SOUNDS LIKE SOLID ADVICE


----------



## Seanp156 (Nov 18, 2004)

Earlier today I did this section of the routine:
   Wed: Chest / Shoulders

   DB bench press 3 x 8-10
   Dips 3 x 8-10
   Millitary Press 3 x 8-10
   Upright rows 2 x 8-10
   Close Grip Bench Press 2 x 8-10

 Only thing I really had trouble with was the military press, felt kind of awkward for some reason like it worked my upper back more than my chest. The upright rows felt a little weird too, I'm not sure why. For some reason I feel like I'm starting over almost totally, I could hardly add any weight to the barbell when I did 10 reps. I feel so weak, lol.


----------



## CowPimp (Nov 18, 2004)

Seanp156 said:
			
		

> Earlier today I did this section of the routine:
> Wed: Chest / Shoulders
> 
> DB bench press 3 x 8-10
> ...



That's a good loking routine.  Just keep at it.  Progression is the key.


----------



## Seanp156 (Nov 18, 2004)

Yeah, I'm a bit confused knowing when, and by how much I should increase weight on specific exercises, any suggestions? I guess the simplest thing I can think of is increase it when it's not challenge to do the alloted sets/reps.


----------



## Randy (Nov 18, 2004)

Seanp156 said:
			
		

> Earlier today I did this section of the routine:
> Wed: Chest / Shoulders
> 
> DB bench press 3 x 8-10
> ...


Sean,

Military Press should be primarily working your Delts, not a lot of focus on chest.


----------



## KarlW (Nov 18, 2004)

> For some reason I feel like I'm starting over almost totally



Good cause you practically are!.

As for military presses, they are for the shoulders not the chest.

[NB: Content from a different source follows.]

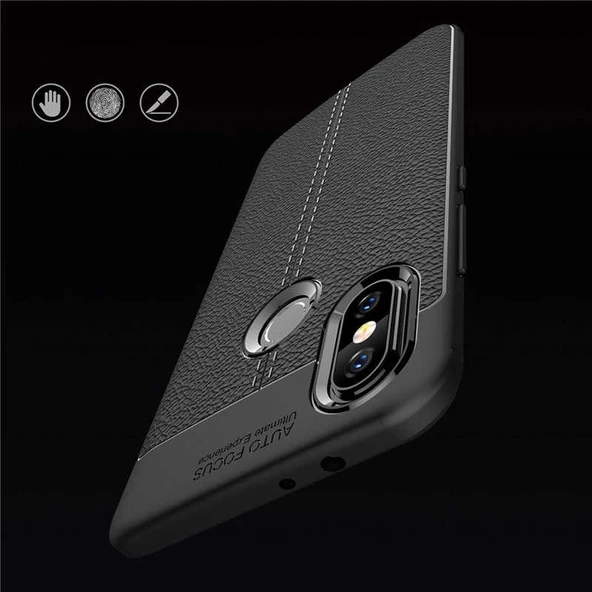 Xiaomi Mi A2 Lite - Kılıf Auto Focus Karbon Niss Silikon Kapak - Resim 3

There is a variety of ways you can do them (standing, seated, with barbell or DB, etc). I usually find seated with DB's the best, although I do standing BB presses sometimes. Just be careful about doing them behind the neck (have a read about this elsewhere so you can make up your own mind).

Upright rows, if done correctly DO take some getting use to AND are not supposed to be done with massive amounts of weight. What you say is good, means you're taking it nice and slow. When you achieve the upper limit of the rep range for a set (like 10 in the case of 3 x 8-10) before failure then you need to increase the weight. By how much? only you will know through experience.

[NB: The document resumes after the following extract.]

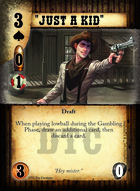 "just A Kid" - Custom Card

eg Say your first set upright rows is the bar + 5lbs a side (so 55lbs) and you get 10 just on failure, I wouldn't increase the weight for the next set because you probably won't have as much strength/endurance for the 2nd set so leave the weight as it is. However, if you got 10 reps easy then you'd need to up it 5 or 10 lbs for the next set.

When you go back in the next week, you look at your notes, if you got 10 reps on 55lbs, then for you first set I would add 10lbs, maybe you'd get 7 or 8 reps, OK then drop back to 55 for the 2nd set. It takes some practice and experience but it keeps you focused.

Important thing is to stay in the rep range. Don't pack on weight if you know you're only going to get 4 reps when you should be getting at least 8.

cheers


----------



## Randy (Nov 18, 2004)

KarlW said:
			
		

> As for military presses, they are for the shoulders not the chest.


Is there an echo in here ?


----------



## BaNaNaS (Nov 18, 2004)

Karl, this has really helped me out a lot. I've switched to this too. I would like to thank you. And ask if you could create a day for arms to throw in too. Thanks in advance. One other thing today when i was doing dips. First set i got 8, second 4, and third 4. Would you suggest going for 3 sets of 6? Or is what i did fine, just go for 8-10 all 3 sets next thursday?


----------



## Randy (Nov 18, 2004)

If you want to get strong then you want to keep pushing the envelope..
If you do 8 then wait 15-30 seconds and do 2 more right away to make 10. Then rest a minute to 1.5 and do as many as you can do. If you were doing 4 then push for 6. Then rest a few seconds an pick up the remaining till you can do 10. That is how you build yourself up. Before you know it you will be adding weight.


----------



## KarlW (Nov 18, 2004)

> Originally Posted by *Randy*
> 
> Is there an echo in here ?



Yeah, I started my post before I read yours and took a phone call in the middle of it. LOL


----------



## KarlW (Nov 18, 2004)

Bananas, adding arms changes the whole routine around. I'll post something soon.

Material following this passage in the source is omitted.